Internal diversity also marks other religious movements too often seen, by outsiders, as homogeneous. One example is evangelicalism, America’s “folk religion.” My own book, Mine Eyes Have Seen the Glory: A Journey into the Evangelical Subculture in America, seeks to portray American evangelicalism as anything but monolithic, with its rich diversity of fundamentalism, pentecostalism, the holiness and charismatic movements, the sanctified tradition, and many others.

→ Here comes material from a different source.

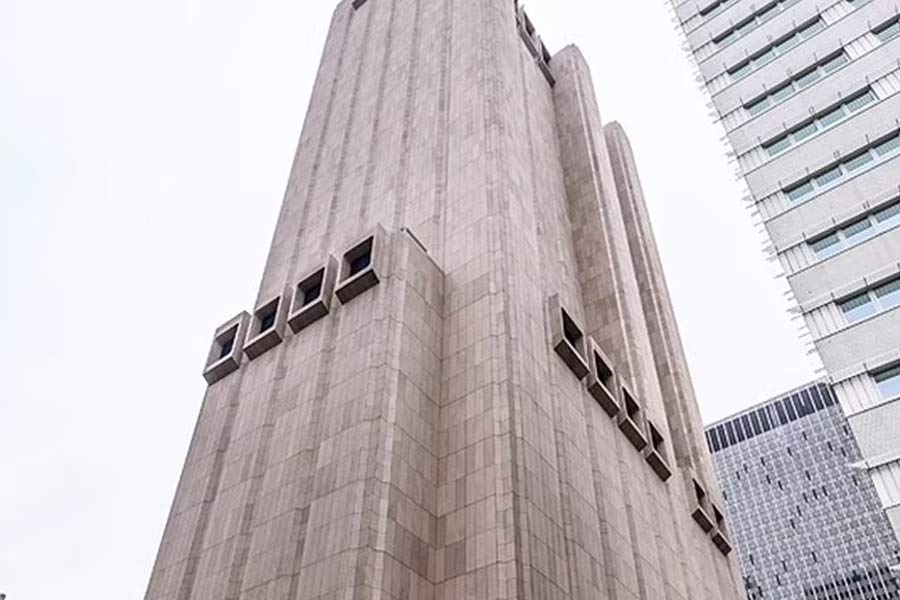 লং লাইনস বিল্ডিং রয়েছে টেলিফোন এক্সচেঞ্জের দফতর। এই বহুতলে মোট তিনটি ৪ইএসএস (ইলেকট্রনিক সুইচিং সিস্টেম) রয়েছে। তার পাশাপাশি ইন্টারএক্সচেঞ্জ এবং লোকাল এক্সচেঞ্জ কেরিয়ার ব্যবস্থাও রয়েছে।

African-Americans have faced their own peculiar struggles in expressing their religious life. The best account of the days of slavery is Albert J. Raboteau’s Slave Religion: The “Invisible Institution” in the Antebellum South. The quest for black religious autonomy is recounted in Segregated Sabbaths: Richard Allen and the Rise of Independent Black Churches, 1760-1840, by Carol V. R. George. Following the Great Migration to northern cities at the turn the twentieth century, African-Americans began increasingly to develop their own institutional religious life, especially in the cities. Several colorful figures appeared including Daddy Grace, the Noble Drew Ali, Marcus Garvey, Father Divine, and Elijah Muhammad—all of whom sought space for religious expression. Several biographies are useful: Colin Grant, Negro with a Hat: The Rise and Fall of Marcus Garvey; Jill Watts, God, Harlem U.S.A.: The Father Divine Story; Marie Dallem, Daddy Grace: A Celebrity Preacher and His House of Prayer. Though considerably dated, Arthur Huff Fauset’s Black Gods of the Metropolis: Negro Religious Cults of the Urban North, an early sociological study of new black religions, provides a snapshot of extraordinary religious diversity within the African-American urban context.

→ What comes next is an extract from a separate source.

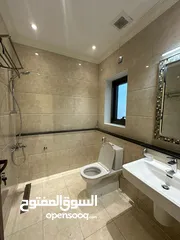  10 شقة فاخرة 3 غرف وصالة للايجار في العذيبة - Luxurious 3BHK apartment for rent in Aziba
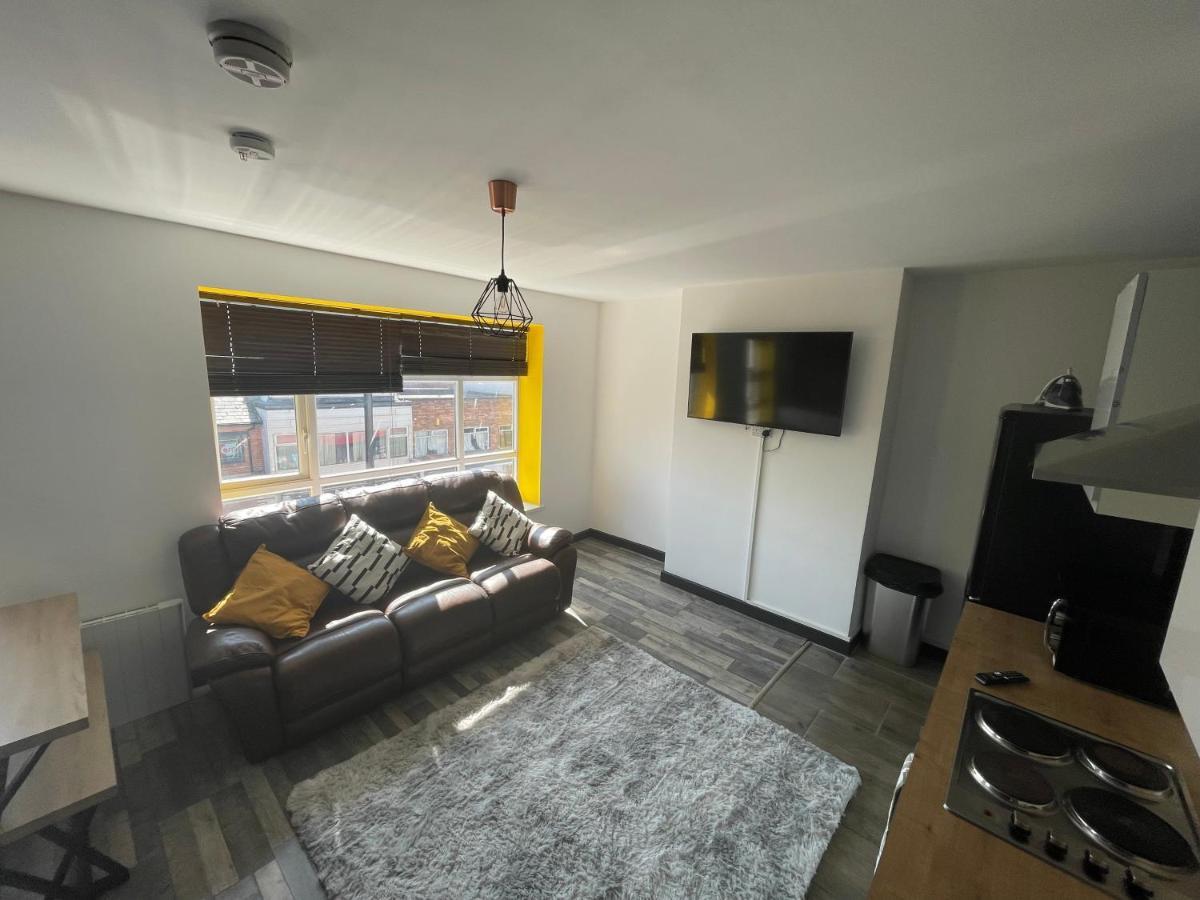 The Willow - Superb Spacious 3 Bed Room Apartment Blackpool Bagian luar foto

The Nation of Islam remains one of most striking examples of religious diversity. The Autobiography of Malcolm X is indispensible, but other studies of the movement and its context are also useful: Richard Brent Turner, Islam in the African-American Experience and Edward E. Curtis IV, Black Muslim Religion in the Nation of Islam, 1960-1975.
As in the nineteenth century, religious diversity in the twentieth century was inextricably tied to immigration. In Protestant Missionaries, Asian Immigrants, and Ideologies of Race in America, 1850-1924, Jennifer Snow finds that missionaries often protested against the various attempts to exclude Asians from coming to the United States. In 1965, a decade after Will Herberg had articulated three ways to be American in Protestant-Catholic-Jew, changes to the immigration laws finally ended decades of exclusion and opened doors to new forms of religious diversity. The Pluralism Project at Harvard University provides a range of resources for understanding this new diversity, including a sophisticated website. The director of the project, Diana L. Eck, has also written A New Religious America: How a “Christian Country” Has Become the World’s Most Religiously Diverse Nation.

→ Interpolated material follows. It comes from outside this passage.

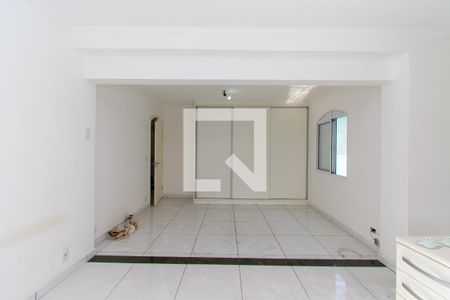 Casa à venda com 415m², 4 quartos e 5 vagasSuíte 2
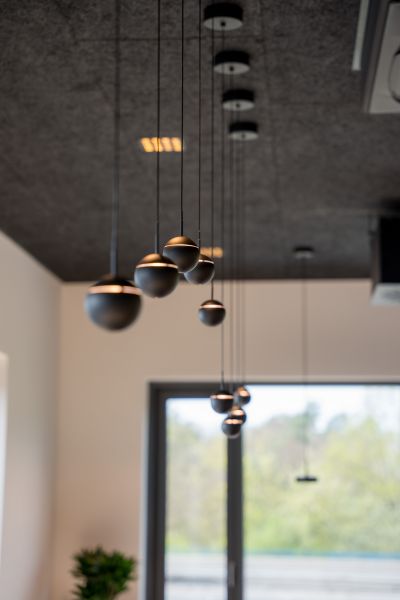 Moderne und ansprechende Arbeitsbereiche mit der richtigen Beleuchtung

Finally, several scholars have sought to understand all of American religious history through the lens of pluralism. See, for example, Catherine L. Albanese, America: Religions and Religion and another survey of religion in America, Religion in American Life: A Short History, by Jon Butler, Grant Wacker, and Randall Balmer. This topic also forms the basis of William R. Hutchison’s Religious Pluralism in America: The Contentious History of a Founding Ideal.